Assigned task =
Starting at the line with "In this video" and ending at the line with "You can set", print exactly the lines of the entries below. Pictures do not belong in the copy.
^^^^^^^^^^^^^^^^
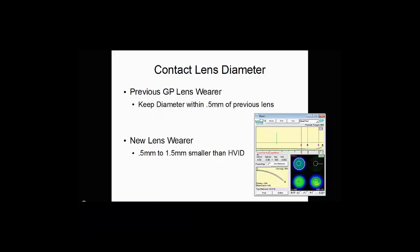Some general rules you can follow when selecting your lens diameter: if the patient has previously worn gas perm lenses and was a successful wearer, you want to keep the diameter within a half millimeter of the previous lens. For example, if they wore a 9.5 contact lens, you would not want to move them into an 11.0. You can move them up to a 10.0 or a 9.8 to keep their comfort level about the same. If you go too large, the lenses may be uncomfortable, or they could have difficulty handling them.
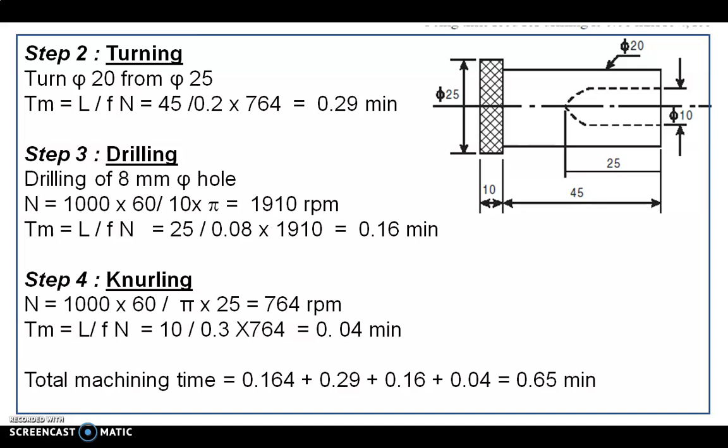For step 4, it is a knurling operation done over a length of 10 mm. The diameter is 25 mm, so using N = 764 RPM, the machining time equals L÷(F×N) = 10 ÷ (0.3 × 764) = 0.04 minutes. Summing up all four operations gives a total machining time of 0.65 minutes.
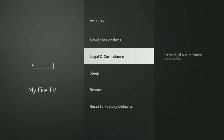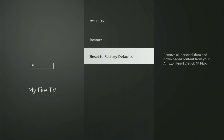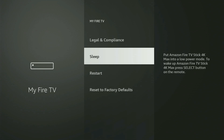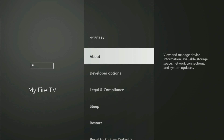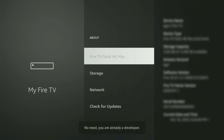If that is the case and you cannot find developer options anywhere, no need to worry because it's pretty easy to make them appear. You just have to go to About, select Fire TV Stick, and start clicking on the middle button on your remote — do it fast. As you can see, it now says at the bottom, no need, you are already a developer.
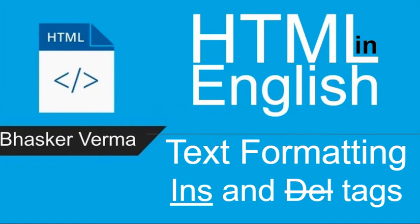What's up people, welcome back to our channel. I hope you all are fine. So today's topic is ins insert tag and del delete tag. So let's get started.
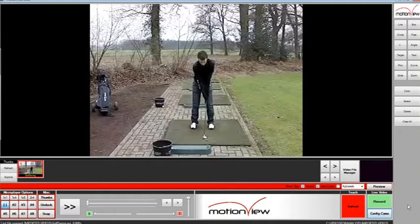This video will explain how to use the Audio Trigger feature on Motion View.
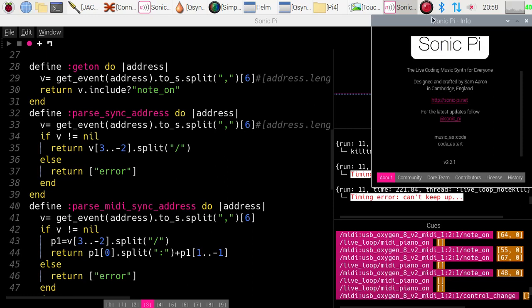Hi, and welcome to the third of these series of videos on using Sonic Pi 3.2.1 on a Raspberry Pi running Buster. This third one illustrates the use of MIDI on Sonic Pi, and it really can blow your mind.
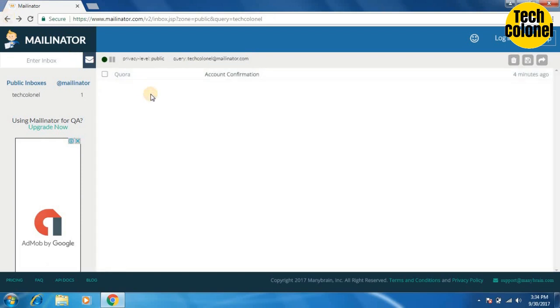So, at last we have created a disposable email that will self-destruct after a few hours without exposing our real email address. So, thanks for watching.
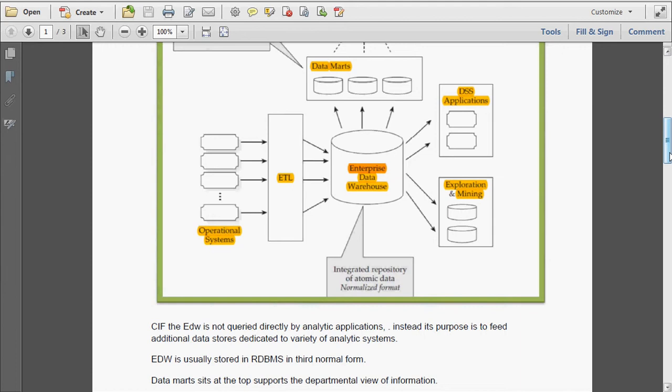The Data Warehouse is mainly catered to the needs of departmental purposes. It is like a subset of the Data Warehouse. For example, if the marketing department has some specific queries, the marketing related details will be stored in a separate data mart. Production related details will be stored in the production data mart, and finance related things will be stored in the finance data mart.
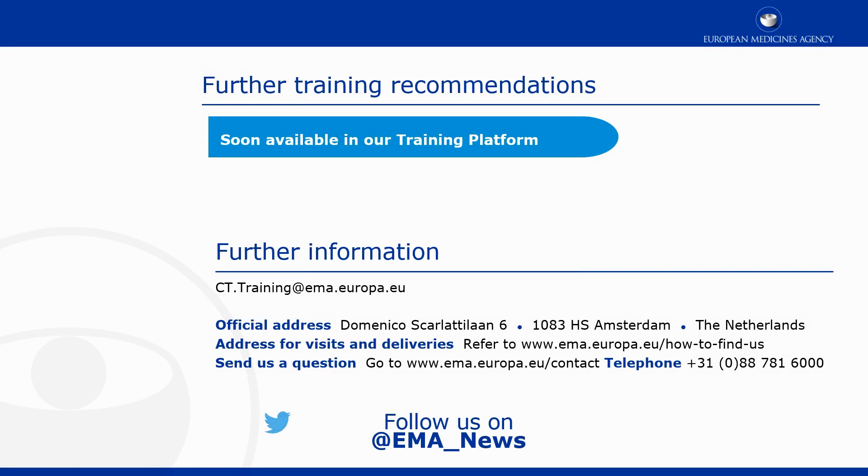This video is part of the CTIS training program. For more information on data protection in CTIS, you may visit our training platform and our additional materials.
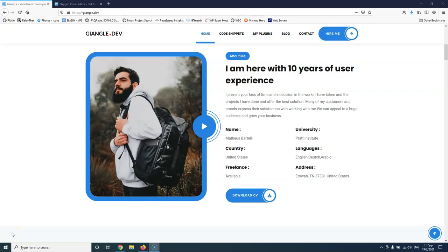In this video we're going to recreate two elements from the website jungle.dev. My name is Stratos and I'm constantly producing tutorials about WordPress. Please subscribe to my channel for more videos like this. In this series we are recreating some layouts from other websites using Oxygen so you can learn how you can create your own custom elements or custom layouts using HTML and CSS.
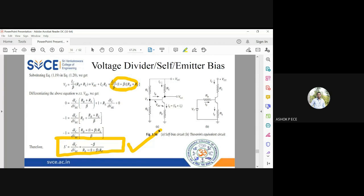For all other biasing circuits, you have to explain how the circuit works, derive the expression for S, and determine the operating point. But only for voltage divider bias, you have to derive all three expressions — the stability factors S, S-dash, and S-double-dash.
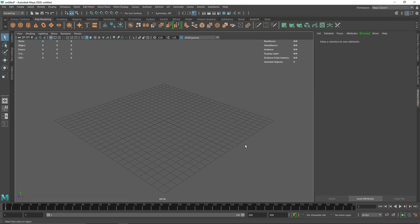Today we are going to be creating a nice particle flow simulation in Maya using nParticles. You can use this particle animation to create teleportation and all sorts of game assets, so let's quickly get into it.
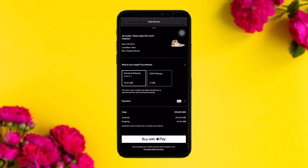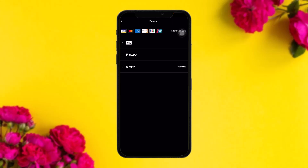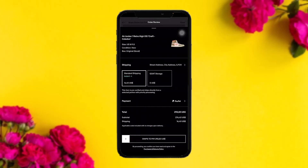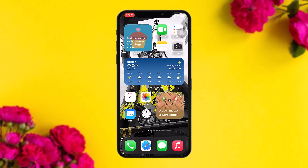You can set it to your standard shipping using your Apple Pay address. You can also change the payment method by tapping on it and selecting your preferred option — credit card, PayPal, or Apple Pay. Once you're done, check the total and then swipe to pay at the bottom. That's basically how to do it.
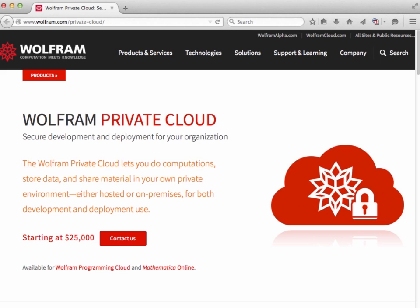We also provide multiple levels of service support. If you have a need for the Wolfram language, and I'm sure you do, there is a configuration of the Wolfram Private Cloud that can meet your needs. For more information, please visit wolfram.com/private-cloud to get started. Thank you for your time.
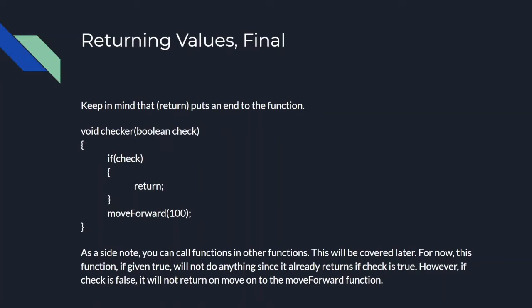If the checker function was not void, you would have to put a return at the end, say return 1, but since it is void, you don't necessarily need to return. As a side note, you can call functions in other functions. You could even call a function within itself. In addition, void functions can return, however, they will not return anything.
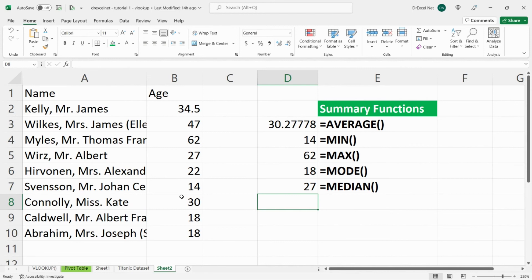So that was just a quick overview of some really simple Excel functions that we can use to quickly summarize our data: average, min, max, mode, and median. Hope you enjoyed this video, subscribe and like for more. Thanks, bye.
^^^^^^^^^^^^^^^^
Task response =
In this video we're going to recreate two elements from the website jungle.dev. My name is Stratos and I'm constantly producing tutorials about WordPress. Please subscribe to my channel for more videos like this. In this series we are recreating some layouts from other websites using Oxygen so you can learn how you can create your own custom elements or custom layouts using HTML and CSS.
For all other biasing circuits, you have to explain how the circuit works, derive the expression for S, and determine the operating point. But only for voltage divider bias, you have to derive all three expressions — the stability factors S, S-dash, and S-double-dash.
Today we are going to be creating a nice particle flow simulation in Maya using nParticles. You can use this particle animation to create teleportation and all sorts of game assets, so let's quickly get into it.
You can set it to your standard shipping using your Apple Pay address. You can also change the payment method by tapping on it and selecting your preferred option — credit card, PayPal, or Apple Pay. Once you're done, check the total and then swipe to pay at the bottom. That's basically how to do it.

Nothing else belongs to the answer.